The new Highway 47 bridge at Washington opened to traffic Monday. It wasn’t open at the ribbon-cutting ceremony Saturday because the lane striping still had to be done.

We call it the People’s Bridge because it is for all of us to use. The state owns it but with the pride in it locally, it really is the People’s Bridge.

The pride in the new bridge was evident in the crowd Saturday at the opening program. The crowd made an impression on the state officials who were here for the program and talked about the number of people present.

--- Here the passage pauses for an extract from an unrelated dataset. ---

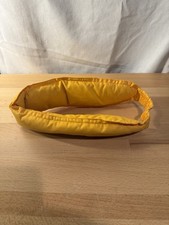 Vtg Winter Ski Headband Ear Warmer 70s Style Yellow In Color Pre Owned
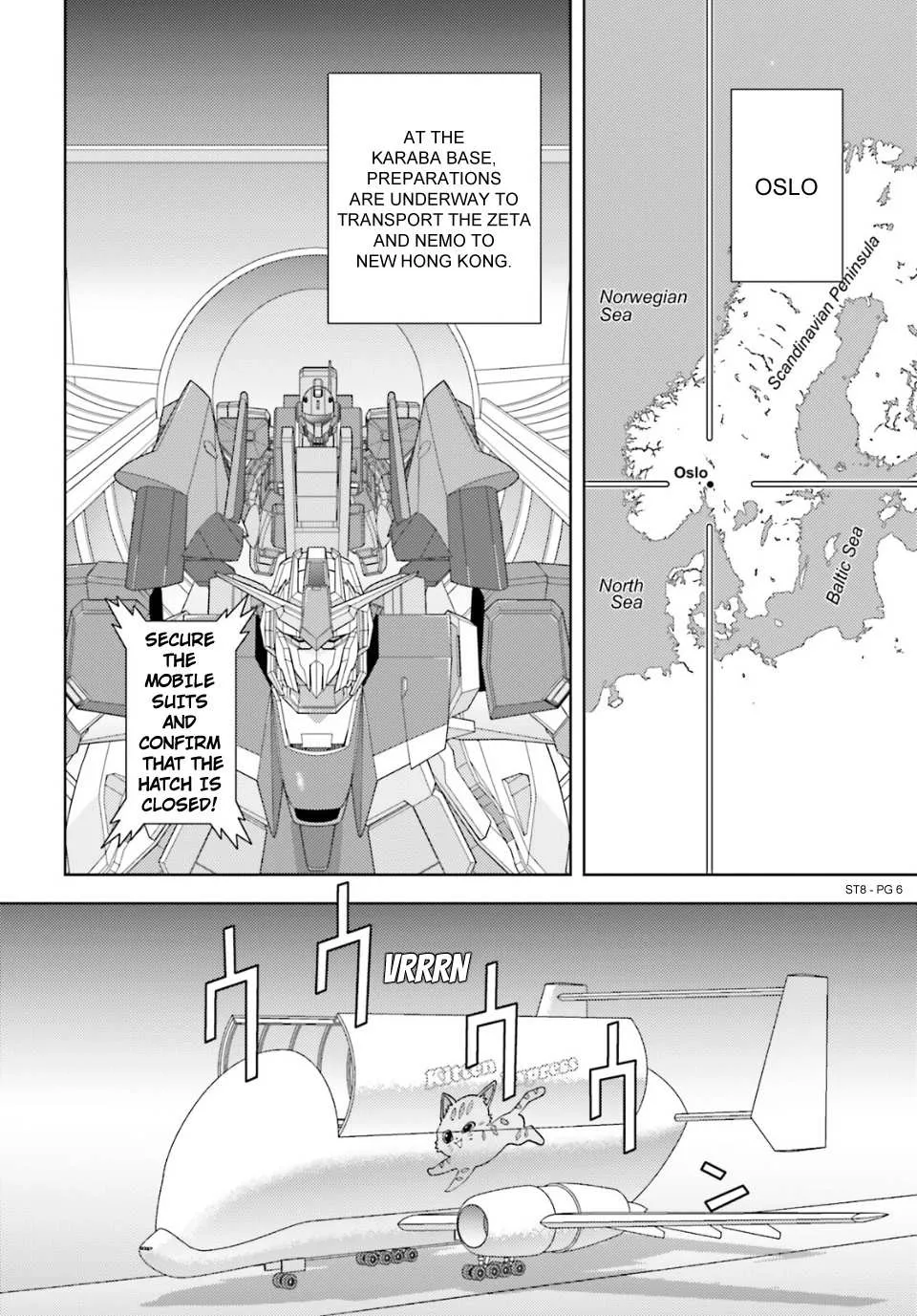 Mobile Suit Zeta Gundam - Define Chapter 92 page 7 -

Working together, cooperation to the fullest by all, the project stands as a milestone to the future of this area as the speakers at the ribbon-cutting program alluded to, and the unity of accomplishment was as solid as the concrete deck on the new structure. Gratitude to the providers — from the federal government down to state and local officials, and to the the workers whose skills built it — overflowed, enough to give rise to the river level.

There was an abundance of satisfaction filling the air and a vision of what it will mean to the future of this area. The day will come when there is an improved Highway 47 from Warrenton to St. Clair, an important link from Interstate 70 to Interstate 44.

The Missourian adds its congratulations to the many people who were involved in the project. Their wisdom, hard work, cooperation and enthusiasm for the project was something to behold.

The project was driven by the need for safety. The old 82-year-old bridge had structural problems and was built for 1930s traffic. Its narrow width was a challenge for motorists. With about 13,000 vehicles a day using the bridge, it is past the time for a replacement.

The city, along with MoDOT, did a good job of putting the program together. The police and sheriff’s deputies from both counties, fire department personnel, the ambulance districts and other volunteers helped to stage the event Saturday.

Special thanks must go to the Missouri Department of Transportation, its director, the agency’s engineers, and especially to area engineer Judy Wagner, who nursed the project to completion. The contractor, Alberici of St. Louis, and the subcontractors and their workers, displayed their professionalism and knowledge of bridge building in erecting a bridge that should last for the next 75 to 100 years. It’s good-looking also!

The people of this area are feasting on the pride the new bridge has delivered.